SELinux Has a UI Problem

SELinux Has a UI Problem

If you ever troubleshoot a problem on Red Hat (or closely related distros such as Fedora and CentOS), you'll come across dozens of tutorials and articles that tell you to resolve the problem by disabling SELinux. It's not just random blog posts and questionable StackOverflow answers: I've seen this advice in the documentation and knowledge base articles for enterprise software.

Don't disable SELinux. Really, don't turn off SELinux.

A post on the official CentOS blog asks "[W]hy do articles feel the need to outright deactivate SELinux rather than help readers work through any problems they might have? Is SELinux that hard? Actually, it's really not." It doesn't have anything to do with SELinux being too difficult. SELinux has a UI problem.

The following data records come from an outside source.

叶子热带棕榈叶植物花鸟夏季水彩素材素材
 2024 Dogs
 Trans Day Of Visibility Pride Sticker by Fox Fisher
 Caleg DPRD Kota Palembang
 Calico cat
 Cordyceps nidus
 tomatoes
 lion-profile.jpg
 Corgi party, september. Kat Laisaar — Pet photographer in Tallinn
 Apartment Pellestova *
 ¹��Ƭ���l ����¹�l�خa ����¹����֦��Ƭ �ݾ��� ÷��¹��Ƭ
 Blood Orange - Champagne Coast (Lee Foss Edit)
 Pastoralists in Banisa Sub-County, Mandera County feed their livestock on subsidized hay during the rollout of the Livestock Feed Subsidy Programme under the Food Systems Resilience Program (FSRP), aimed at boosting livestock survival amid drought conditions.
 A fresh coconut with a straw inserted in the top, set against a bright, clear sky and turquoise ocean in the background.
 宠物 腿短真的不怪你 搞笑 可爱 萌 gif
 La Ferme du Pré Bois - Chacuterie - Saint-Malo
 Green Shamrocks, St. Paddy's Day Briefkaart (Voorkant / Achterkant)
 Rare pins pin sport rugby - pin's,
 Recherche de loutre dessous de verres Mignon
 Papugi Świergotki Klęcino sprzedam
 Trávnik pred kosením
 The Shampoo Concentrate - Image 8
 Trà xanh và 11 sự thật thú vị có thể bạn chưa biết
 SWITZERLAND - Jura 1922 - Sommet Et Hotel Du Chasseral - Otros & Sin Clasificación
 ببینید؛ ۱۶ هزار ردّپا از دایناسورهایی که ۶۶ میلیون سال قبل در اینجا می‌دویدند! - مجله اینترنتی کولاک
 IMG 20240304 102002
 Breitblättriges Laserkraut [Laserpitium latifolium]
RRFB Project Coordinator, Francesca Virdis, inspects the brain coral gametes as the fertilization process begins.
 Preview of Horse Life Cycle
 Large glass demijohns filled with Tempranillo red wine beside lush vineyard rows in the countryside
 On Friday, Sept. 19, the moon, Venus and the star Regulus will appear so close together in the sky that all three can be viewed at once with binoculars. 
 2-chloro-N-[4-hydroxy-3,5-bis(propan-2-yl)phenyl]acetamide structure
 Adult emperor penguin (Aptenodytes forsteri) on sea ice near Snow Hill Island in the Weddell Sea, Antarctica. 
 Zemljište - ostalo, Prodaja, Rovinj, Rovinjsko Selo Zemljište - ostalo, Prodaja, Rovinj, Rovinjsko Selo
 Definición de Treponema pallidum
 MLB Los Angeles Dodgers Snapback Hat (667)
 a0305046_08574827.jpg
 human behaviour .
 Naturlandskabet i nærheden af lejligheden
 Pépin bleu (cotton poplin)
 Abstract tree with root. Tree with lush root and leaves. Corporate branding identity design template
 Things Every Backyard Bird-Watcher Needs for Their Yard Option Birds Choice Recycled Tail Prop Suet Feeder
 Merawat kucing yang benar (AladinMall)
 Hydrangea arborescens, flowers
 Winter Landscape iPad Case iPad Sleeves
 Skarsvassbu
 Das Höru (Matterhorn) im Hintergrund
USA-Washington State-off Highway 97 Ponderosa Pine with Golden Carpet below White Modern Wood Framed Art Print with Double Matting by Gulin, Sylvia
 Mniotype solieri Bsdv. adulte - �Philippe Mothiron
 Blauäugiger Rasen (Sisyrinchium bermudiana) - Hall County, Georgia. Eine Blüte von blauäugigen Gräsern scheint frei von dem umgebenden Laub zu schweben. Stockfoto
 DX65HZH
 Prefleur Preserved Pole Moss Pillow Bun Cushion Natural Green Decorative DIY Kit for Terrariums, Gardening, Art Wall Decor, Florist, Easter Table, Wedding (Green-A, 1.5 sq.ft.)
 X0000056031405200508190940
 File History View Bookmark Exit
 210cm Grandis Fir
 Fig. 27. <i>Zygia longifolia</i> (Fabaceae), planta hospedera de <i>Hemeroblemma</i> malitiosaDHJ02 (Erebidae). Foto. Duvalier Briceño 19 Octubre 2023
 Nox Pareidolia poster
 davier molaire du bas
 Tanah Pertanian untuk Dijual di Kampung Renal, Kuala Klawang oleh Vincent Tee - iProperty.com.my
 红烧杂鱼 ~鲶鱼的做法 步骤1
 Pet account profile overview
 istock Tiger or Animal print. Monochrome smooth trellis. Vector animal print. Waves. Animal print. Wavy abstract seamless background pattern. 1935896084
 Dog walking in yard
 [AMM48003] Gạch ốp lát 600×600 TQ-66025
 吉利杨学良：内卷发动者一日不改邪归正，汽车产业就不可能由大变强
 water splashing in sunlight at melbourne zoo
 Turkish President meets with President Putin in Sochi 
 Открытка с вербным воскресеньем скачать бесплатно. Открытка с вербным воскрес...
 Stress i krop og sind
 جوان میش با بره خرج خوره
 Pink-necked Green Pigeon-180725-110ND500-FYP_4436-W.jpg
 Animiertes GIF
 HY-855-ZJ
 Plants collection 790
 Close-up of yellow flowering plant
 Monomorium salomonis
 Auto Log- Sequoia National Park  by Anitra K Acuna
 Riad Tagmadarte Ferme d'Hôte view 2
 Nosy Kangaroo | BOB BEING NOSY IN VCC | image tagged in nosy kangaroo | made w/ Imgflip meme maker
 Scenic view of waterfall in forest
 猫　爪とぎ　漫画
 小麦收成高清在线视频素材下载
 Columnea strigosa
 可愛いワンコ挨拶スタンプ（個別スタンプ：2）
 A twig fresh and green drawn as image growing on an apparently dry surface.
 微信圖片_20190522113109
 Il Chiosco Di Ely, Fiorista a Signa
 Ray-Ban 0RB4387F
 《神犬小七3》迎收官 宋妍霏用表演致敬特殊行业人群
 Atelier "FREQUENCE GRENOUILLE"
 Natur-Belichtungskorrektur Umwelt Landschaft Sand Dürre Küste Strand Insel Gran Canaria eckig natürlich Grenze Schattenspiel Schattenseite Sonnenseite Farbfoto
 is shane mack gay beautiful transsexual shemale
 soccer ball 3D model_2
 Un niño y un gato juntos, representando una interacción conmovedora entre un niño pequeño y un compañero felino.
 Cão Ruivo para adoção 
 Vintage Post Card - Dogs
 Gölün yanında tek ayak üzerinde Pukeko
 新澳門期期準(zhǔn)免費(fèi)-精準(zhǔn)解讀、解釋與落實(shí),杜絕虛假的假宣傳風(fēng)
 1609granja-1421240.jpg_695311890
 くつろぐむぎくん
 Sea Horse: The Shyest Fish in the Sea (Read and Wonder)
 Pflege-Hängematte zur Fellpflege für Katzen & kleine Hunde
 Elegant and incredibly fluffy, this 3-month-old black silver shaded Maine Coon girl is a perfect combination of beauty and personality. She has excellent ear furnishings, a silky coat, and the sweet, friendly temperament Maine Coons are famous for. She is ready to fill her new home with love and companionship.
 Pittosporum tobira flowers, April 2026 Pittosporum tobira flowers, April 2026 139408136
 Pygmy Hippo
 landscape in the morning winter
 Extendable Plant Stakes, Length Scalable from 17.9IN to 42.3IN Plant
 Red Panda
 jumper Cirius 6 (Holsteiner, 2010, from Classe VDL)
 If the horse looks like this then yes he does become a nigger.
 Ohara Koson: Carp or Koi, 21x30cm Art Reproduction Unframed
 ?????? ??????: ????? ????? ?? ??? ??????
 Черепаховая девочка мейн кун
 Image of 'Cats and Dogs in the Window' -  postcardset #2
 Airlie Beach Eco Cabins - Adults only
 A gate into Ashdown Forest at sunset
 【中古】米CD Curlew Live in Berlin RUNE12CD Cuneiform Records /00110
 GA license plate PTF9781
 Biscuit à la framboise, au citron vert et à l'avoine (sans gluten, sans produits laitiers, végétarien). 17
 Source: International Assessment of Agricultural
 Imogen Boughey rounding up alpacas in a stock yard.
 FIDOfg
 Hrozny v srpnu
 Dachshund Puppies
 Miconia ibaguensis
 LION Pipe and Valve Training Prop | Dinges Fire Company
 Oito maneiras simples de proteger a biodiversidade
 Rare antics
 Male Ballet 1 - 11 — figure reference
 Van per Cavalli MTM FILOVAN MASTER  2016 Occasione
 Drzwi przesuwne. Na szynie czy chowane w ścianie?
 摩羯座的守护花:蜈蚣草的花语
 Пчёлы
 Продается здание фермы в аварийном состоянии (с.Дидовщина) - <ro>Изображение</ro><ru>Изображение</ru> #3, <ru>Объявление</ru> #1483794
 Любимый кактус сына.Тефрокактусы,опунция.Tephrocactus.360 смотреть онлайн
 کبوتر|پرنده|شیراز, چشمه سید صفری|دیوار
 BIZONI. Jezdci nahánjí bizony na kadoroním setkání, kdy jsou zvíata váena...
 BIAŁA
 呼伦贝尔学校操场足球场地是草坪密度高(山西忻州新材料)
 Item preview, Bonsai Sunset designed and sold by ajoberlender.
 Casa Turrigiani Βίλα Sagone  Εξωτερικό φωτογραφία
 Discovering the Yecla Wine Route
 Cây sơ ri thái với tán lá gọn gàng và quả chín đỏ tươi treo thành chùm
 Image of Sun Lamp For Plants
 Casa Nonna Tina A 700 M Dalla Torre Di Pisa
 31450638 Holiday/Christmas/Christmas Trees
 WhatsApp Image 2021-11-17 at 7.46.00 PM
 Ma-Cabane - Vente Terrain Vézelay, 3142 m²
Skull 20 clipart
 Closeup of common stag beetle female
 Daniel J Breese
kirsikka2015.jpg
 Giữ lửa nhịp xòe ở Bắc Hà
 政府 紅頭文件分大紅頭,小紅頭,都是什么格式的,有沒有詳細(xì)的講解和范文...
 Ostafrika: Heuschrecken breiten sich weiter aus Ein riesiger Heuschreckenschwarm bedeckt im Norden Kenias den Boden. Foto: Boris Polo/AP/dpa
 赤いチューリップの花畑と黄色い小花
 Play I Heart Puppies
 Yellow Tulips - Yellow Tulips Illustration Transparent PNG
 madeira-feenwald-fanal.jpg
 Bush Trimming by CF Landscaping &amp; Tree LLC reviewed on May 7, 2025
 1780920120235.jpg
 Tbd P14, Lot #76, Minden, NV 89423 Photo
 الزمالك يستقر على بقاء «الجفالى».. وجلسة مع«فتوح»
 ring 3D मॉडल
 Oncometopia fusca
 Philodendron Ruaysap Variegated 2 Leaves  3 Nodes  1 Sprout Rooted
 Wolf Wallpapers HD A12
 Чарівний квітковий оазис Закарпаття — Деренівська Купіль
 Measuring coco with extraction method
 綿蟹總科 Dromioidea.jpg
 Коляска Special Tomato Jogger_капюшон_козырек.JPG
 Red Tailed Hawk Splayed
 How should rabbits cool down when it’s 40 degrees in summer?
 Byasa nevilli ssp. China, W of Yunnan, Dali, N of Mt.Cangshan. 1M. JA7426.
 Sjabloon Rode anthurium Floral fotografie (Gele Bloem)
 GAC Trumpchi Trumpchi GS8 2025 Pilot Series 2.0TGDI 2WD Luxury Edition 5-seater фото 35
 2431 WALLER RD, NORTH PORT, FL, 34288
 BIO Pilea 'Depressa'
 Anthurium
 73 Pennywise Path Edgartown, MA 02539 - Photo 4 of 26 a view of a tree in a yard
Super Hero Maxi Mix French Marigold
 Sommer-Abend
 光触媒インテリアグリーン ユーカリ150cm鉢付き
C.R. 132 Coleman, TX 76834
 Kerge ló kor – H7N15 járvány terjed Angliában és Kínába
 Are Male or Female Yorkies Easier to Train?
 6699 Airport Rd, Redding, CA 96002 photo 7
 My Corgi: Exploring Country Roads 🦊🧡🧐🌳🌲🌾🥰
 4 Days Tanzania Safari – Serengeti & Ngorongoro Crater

When you say user interface (UI) design or user experience (UX), most people immediately think about graphical user interfaces (GUIs). A good UI is just as important for a command line application. If a command requires a lot of cumbersome flags or difficult-to-remember options, a user may use another app or *gasp* a GUI to accomplish the task. A software library also has a UI. The API is the UI with which a developer interacts with the library.

While SELinux is usually invisible to the user, it does have a UI. I'm not talking about the various tools including some GUIs that allow administrators to set policy. I'm talking about how SELinux gives the user feedback when they attempt to do something that is blocked by SELinux on why it was blocked or even that it was SELinux that blocked it.

Like any good sysadmin, I periodically run yum update to make sure I'm protected from any newly discovered vulnerabilities, but it is not without some trepidation that I do this. It's not often, but sometimes it breaks something that was working perfectly fine before.

The other day I did yum update on a server running Tomcat (fortunately, I did it on the test server first). Tomcat was working fine, but the web app deployed to Tomcat had stopped working. I tried redeploying the app and restarting Tomcat. Still nothing, so I then checked the Tomcat logs:

org.apache.commons.dbcp.SQLNestedException: Cannot create PoolableConnectionFactory (IO Error: The Network Adapter could not establish the connection)
Caused by: java.sql.SQLRecoverableException: IO Error: The Network Adapter could not establish the connection
Caused by: oracle.net.ns.NetException: The Network Adapter could not establish the connection
Caused by: java.net.ConnectException: Permission denied (connect failed)

There is absolutely nothing here that indicates SELinux is even the problem. Yes, the end of the stack trace is Permission denied, but that sounds like it could mean the database account the web app is using is locked. I verified I was able to access the database over the network (I ran a simple query using SQL Developer from my workstation), I verified the server Tomcat was on in particular could access the database over the network (I ran a simple query using SQL*Plus), and I made sure the database account used by the web app was not locked.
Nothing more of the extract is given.